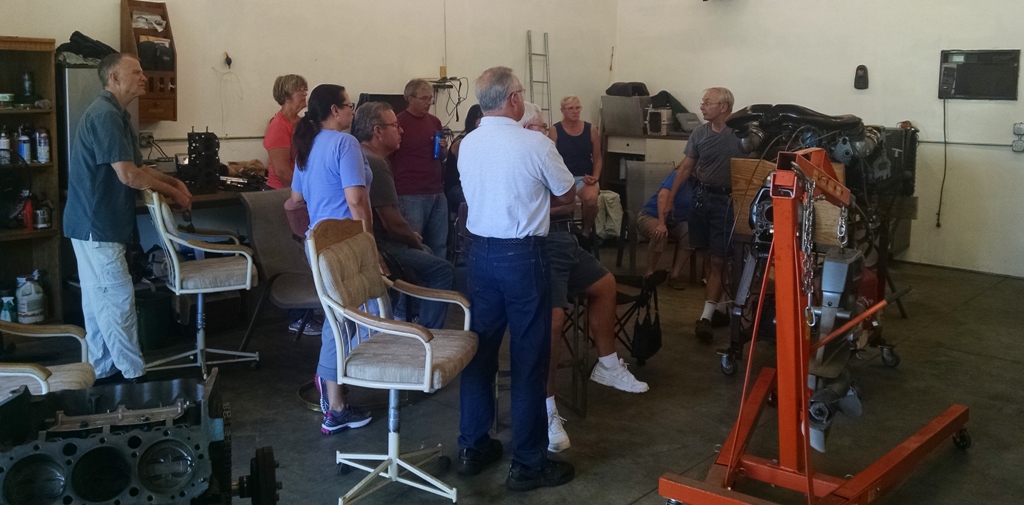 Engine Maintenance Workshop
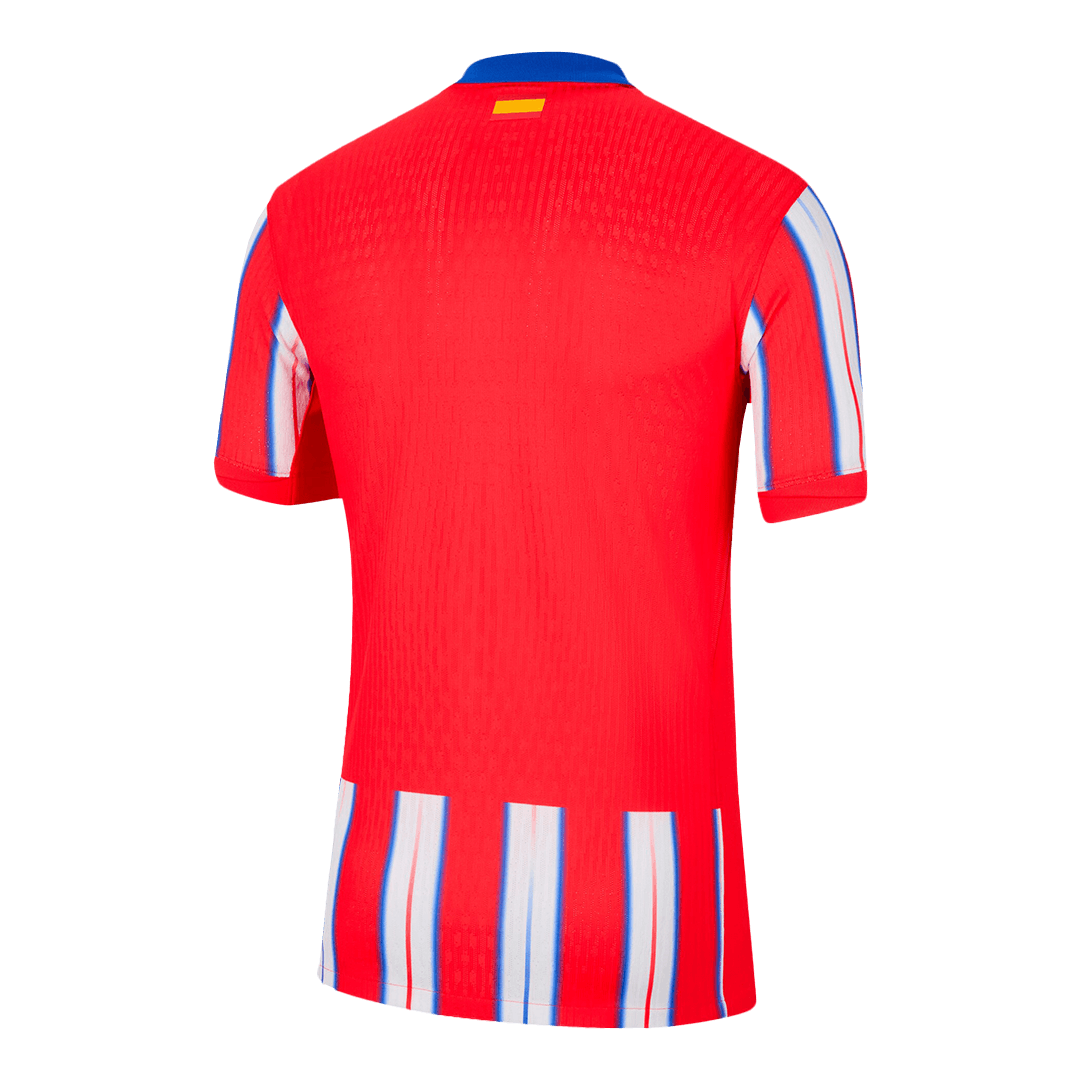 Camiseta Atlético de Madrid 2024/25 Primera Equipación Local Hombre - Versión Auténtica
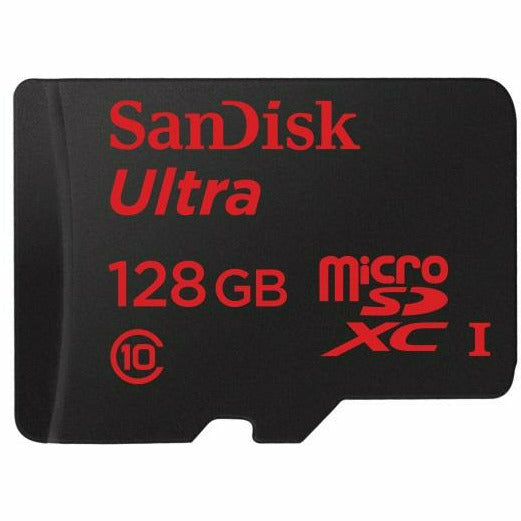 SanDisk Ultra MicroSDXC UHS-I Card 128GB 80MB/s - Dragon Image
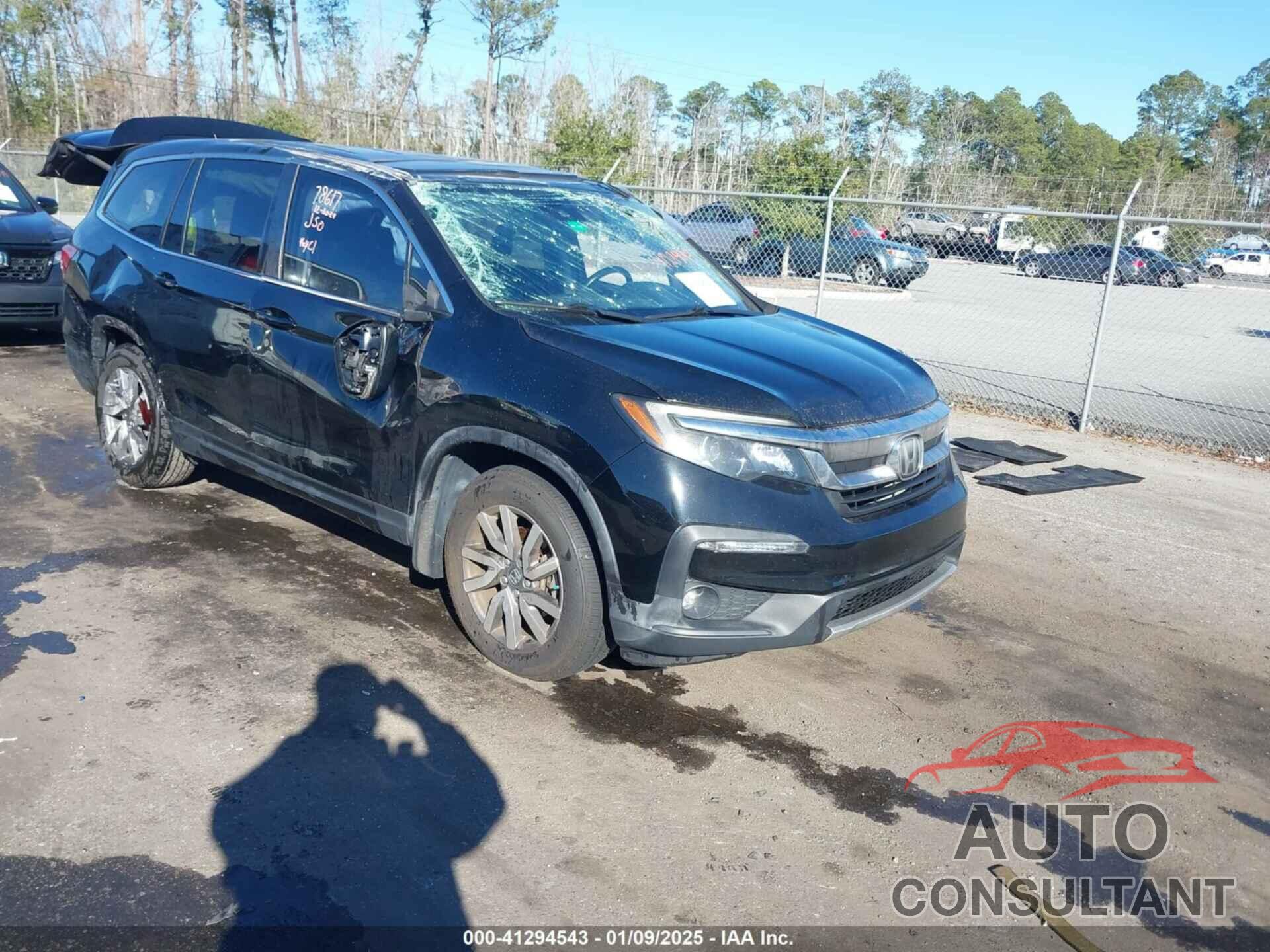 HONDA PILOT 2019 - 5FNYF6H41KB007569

____________

WHAT TO DO
Restate the data word for word and exclude every picture.

EXERCISE SOLUTION
 Engine Maintenance Workshop
 Camiseta Atlético de Madrid 2024/25 Primera Equipación Local Hombre - Versión Auténtica
 SanDisk Ultra MicroSDXC UHS-I Card 128GB 80MB/s - Dragon Image
 HONDA PILOT 2019 - 5FNYF6H41KB007569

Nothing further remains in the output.